Vor zehn Tagen folgte dann ein Angebot aus Japan: Die Regierung dort verfügt über Reserven des Grippemittels Avigan, das laut einer Studie des Hamburger Bernhard-Nocht-Instituts für Tropenmedizin auch sehr gut gegen Ebola wirkt, zumindest bei Mäusen. Und nicht zuletzt gibt es ZMapp, den fast schon prominenten Antikörpermix aus Kalifornien, mit dem zumindest in den USA, Spanien, Großbritannien und Liberia sieben Patienten behandelt wurden: Ein Geistlicher und ein Arzt starben trotz des Medikaments. Zwei Amerikaner wurden aber bald gesund. Am Dienstag verließ nun ein britischer Helfer das Krankenhaus als geheilt. Vergangene Woche berichteten Forscher außerdem von sensationellen Erfolgen bei Ebola-kranken Affen, die ZMapp bekommen hatten.

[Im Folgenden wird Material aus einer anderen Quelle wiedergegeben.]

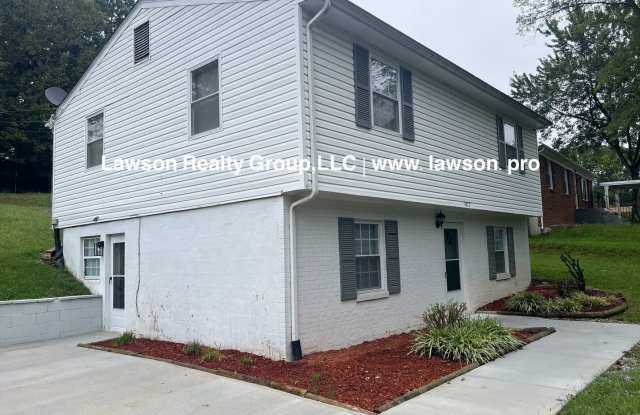 Spacious Vinton Home with Newly Paved Off Street Parking Gallery 3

In Afrika allerdings haben die Mittel noch nichts bewirkt. Bis auf drei Rationen ZMapp sind sie dort gar nicht angekommen. Nigeria hat in dieser Woche erstmals das japanische Grippemittel bestellt, wann es benutzt werden wird, ist unklar. Auf den kanadischen Impfstoff angesprochen, verwies Margaret Chan auf ein weiteres Expertentreffen. Es beginnt an diesem Donnerstag in Genf. Einhundert Wissenschaftler und Mediziner werden darüber beraten, welches Medikament sich wo und unter welchen Voraussetzungen am besten einsetzen ließe. Noch mehr Beratungen, noch mehr Bürokratie also, die den Kampf gegen die Epidemie verzögern?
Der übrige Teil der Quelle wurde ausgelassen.